Rolando Cordera Campos
La agenda ambulante
Ido el retiro, dejado atrás el horizonte difuso de una cumbre que despertó expectativas de difícil realización inmediata, los mexicanos tenemos que volver los ojos a nuestra propia agenda. Pero antes, es preciso admitir que no la hemos hecho racionalmente y que es por eso que no podemos pretender desahogarla de inmediato.

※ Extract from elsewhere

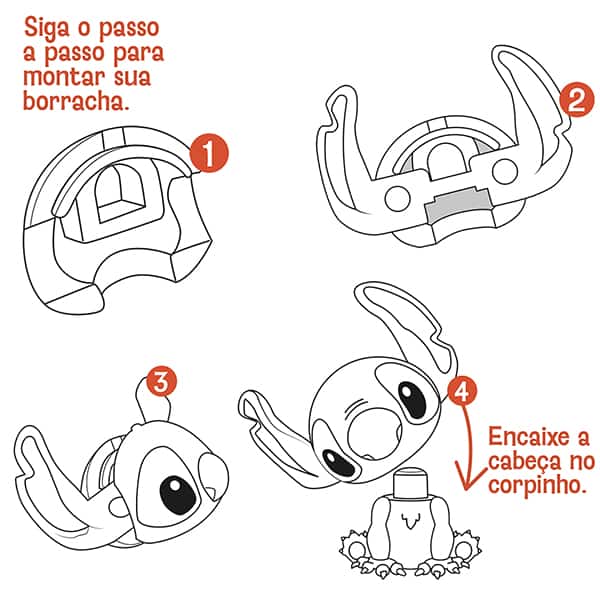 Borracha Fantasia 3D, Disney Stitch, Spiral Kids - BT 1 UN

Todos hablan de la agenda, pero al final de cada ronda siempre se cae en la cuenta de que en realidad cada quien la entiende y verbaliza a su modo. Así, cabe pensar que no hay, por el momento, un itinerario político para hacer política, sino un incierto deambular que no produce discurso sino ruido. Así ha ocurrido con los periodos legislativos desde 1997, cuando arrancó el pluralismo y se estrenó el "gobierno dividido", y hasta la fecha no parece haber término para esta etapa de estreno de una democracia que no ha sido capaz de construir y producir, pero sí de arremeter contra el poder en turno.
Para hablar de la necesidad de una agenda, no basta con recitar los textos de política pública; es preciso asumirla como un tema crucial para que el país se enfile por la vía de una confrontación que, precisamente, gire en torno de esas cuestiones que son las que urge ordenar y poner en perspectiva. De ello depende que el Estado adquiera, por fin, un perfil democrático y deje atrás rémoras e inclinaciones corporativas.
El gobierno insiste en que la suya es la que debe marcar la pauta de la deliberación política y ciudadana. La reforma energética o la fiscal, como antes fue la indígena, son presentadas como la pauta obligada para la gestión democrática del Estado, pero la argumentación carece de esa inspiración: todo es presentado como de "obvia y urgente" resolución y no como un complejo de decisiones que debe aterrizar en una nueva ronda de revisión e innovación institucional, no sólo por sus resultados en materia financiera, o productiva, o social, como podría ser en el caso indígena, sino por la forma misma del proceso, que lleva a tomar resoluciones y definir políticas. Se trata, al final de cuentas, de un presidencialismo al revés.
Desde el Congreso puede decirse y repetirse que ahí se producen y se reforman leyes a pasto, y el gobierno puede insistir en que se gobierna todos los días dentro del nuevo marco plural creado por la reforma política y, ahora, por la alternancia, pero para el ciudadano común lo que cuenta es el panorama ominoso que un día sí y otro también le pintan el gobierno y sus publicistas, así como sus supuestos opositores, como prólogo para hacer proselitismo para sus propuestas. Por un lado, la normalidad democrática, cantada por partidos y gobierno; por otro, la visión del abismo que cantan igualmente partidos y gobierno. En medio, la sensación de que se camina en círculos. A la espera de los desempates que todos desean, pero siempre en favor de cada quien.
De poco le servirá a la democracia en México seguir por este vicioso camino. La construcción pactada de una democracia que produzca algo más que libertad, es decir, que forje políticas y bienes públicos, es lo que tendría que asumirse como divisa de todos los actores, viejos y nuevos, del drama político democrático. Esperar a que, de nuevo, los votos resuelvan y llenen estas carencias es hacer caso omiso de lo que estos cinco años nos enseñan en la materia: que sin un coloquio interesado y comprometedor entre los partidos, las organizaciones sociales y de interés, y el gobierno, no hay votos suficientes para darle sentido y rumbo a una sociedad que cambia a diario, y sin duda lo hace con celeridad, pero que no encuentra las formas congruentes y amplias para darle cauce a una diversidad que roza ya los linderos del desorden.
La prueba no debería dejarse al azar de las elecciones del 2003; debería ser, más bien, una asignatura obligada para todos aquellos que busquen graduarse como parte adulta de una política que quiere dejar atrás la tradición verticalista, pero que, por lo visto, en el camino extravió los reflejos profundos de vinculación con las necesidades y los intereses del Estado y el desarrollo a largo plazo. Esto es, una política democrática que para serlo optó por dejar a la deriva la propia agenda. Y eso se paga, y a veces muy caro.